→ Assigned task: Line by line, copy the entries exactly, excluding the pictures.

[Saved data entries]
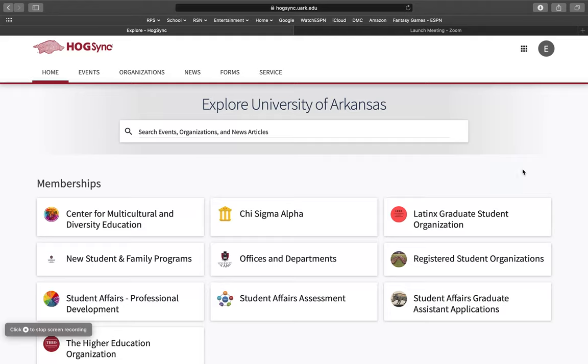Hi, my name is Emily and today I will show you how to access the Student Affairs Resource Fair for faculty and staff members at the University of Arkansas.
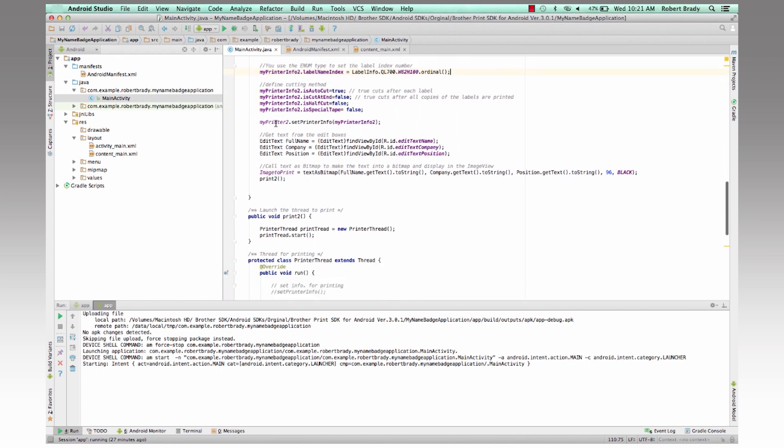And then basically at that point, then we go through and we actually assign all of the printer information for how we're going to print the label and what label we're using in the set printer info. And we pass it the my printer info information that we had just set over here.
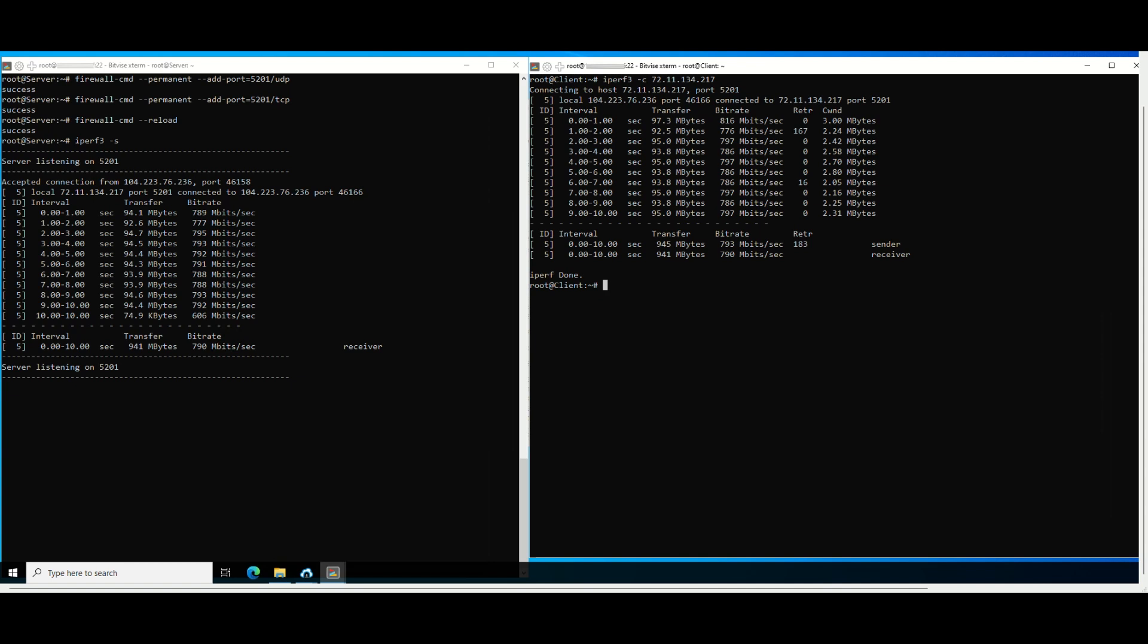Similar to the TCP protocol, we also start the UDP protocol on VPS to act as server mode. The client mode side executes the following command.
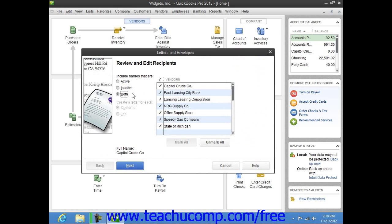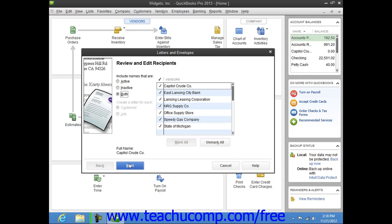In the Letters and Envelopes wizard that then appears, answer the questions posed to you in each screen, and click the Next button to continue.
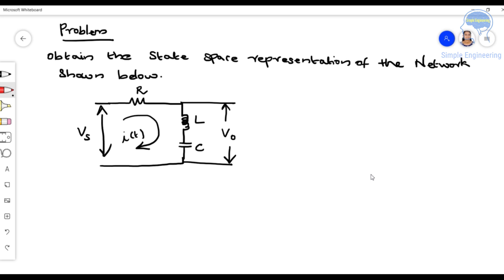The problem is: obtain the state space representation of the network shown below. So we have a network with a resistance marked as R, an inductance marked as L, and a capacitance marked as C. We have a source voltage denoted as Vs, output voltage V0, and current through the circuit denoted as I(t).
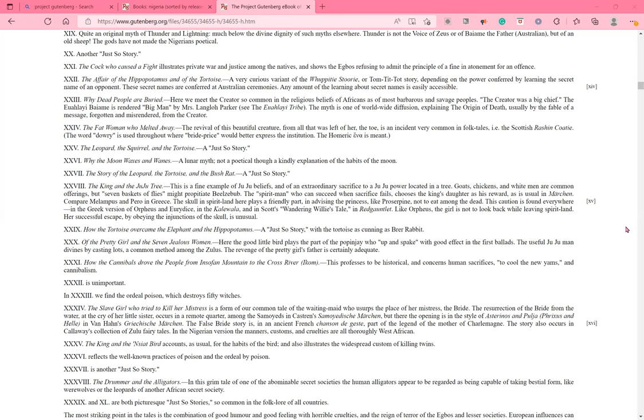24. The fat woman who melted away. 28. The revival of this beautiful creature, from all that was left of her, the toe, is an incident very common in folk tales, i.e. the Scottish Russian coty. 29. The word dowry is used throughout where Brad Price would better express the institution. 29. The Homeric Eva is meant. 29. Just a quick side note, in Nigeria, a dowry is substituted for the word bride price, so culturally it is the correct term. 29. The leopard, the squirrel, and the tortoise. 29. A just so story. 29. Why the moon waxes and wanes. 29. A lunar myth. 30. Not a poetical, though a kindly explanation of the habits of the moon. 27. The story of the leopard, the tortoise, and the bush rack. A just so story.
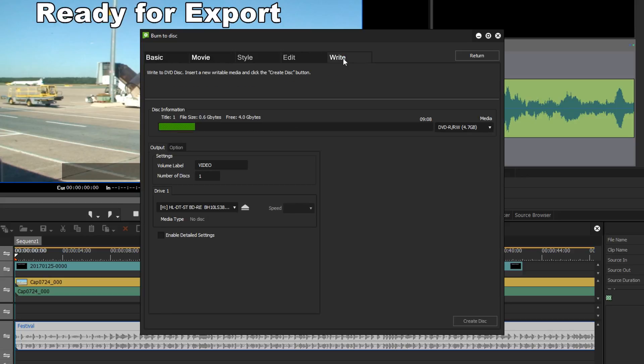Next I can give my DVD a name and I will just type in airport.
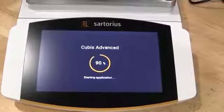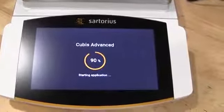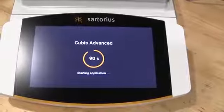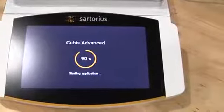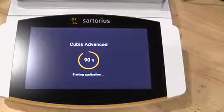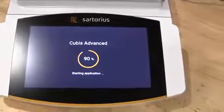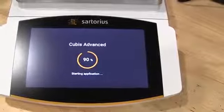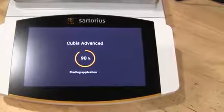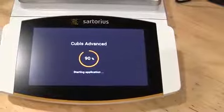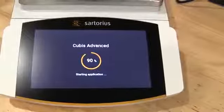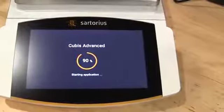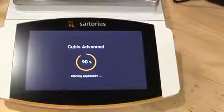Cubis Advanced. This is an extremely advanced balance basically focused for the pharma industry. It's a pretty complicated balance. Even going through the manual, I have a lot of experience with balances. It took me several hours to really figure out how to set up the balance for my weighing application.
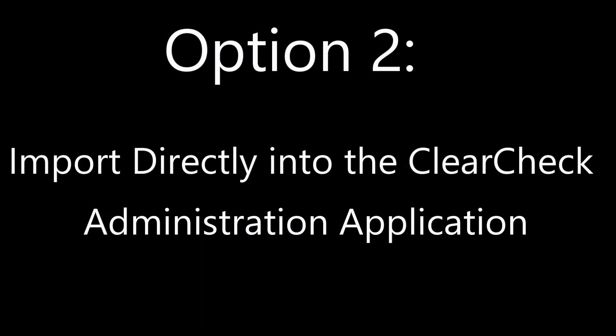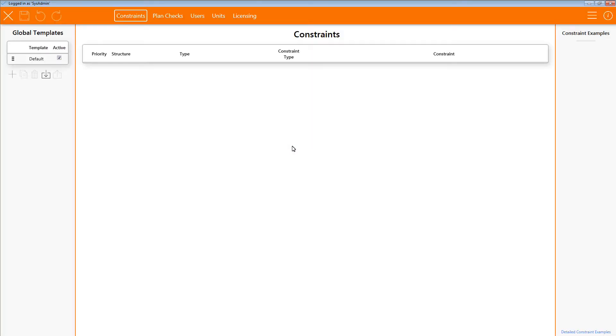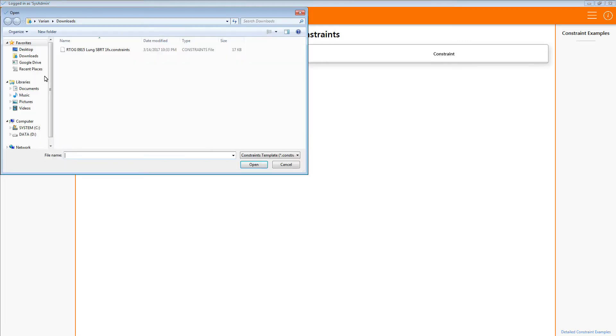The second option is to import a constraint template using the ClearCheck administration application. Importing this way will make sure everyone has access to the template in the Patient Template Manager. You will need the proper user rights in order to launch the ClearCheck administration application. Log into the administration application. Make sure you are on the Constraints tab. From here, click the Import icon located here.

→ Answer space:
Hi, my name is Emily and today I will show you how to access the Student Affairs Resource Fair for faculty and staff members at the University of Arkansas.
And then basically at that point, then we go through and we actually assign all of the printer information for how we're going to print the label and what label we're using in the set printer info. And we pass it the my printer info information that we had just set over here.
Similar to the TCP protocol, we also start the UDP protocol on VPS to act as server mode. The client mode side executes the following command.
In the Letters and Envelopes wizard that then appears, answer the questions posed to you in each screen, and click the Next button to continue.
The problem is: obtain the state space representation of the network shown below. So we have a network with a resistance marked as R, an inductance marked as L, and a capacitance marked as C. We have a source voltage denoted as Vs, output voltage V0, and current through the circuit denoted as I(t).
24. The fat woman who melted away. 28. The revival of this beautiful creature, from all that was left of her, the toe, is an incident very common in folk tales, i.e. the Scottish Russian coty. 29. The word dowry is used throughout where Brad Price would better express the institution. 29. The Homeric Eva is meant. 29. Just a quick side note, in Nigeria, a dowry is substituted for the word bride price, so culturally it is the correct term. 29. The leopard, the squirrel, and the tortoise. 29. A just so story. 29. Why the moon waxes and wanes. 29. A lunar myth. 30. Not a poetical, though a kindly explanation of the habits of the moon. 27. The story of the leopard, the tortoise, and the bush rack. A just so story.
Next I can give my DVD a name and I will just type in airport.
Cubis Advanced. This is an extremely advanced balance basically focused for the pharma industry. It's a pretty complicated balance. Even going through the manual, I have a lot of experience with balances. It took me several hours to really figure out how to set up the balance for my weighing application.
The second option is to import a constraint template using the ClearCheck administration application. Importing this way will make sure everyone has access to the template in the Patient Template Manager. You will need the proper user rights in order to launch the ClearCheck administration application. Log into the administration application. Make sure you are on the Constraints tab. From here, click the Import icon located here.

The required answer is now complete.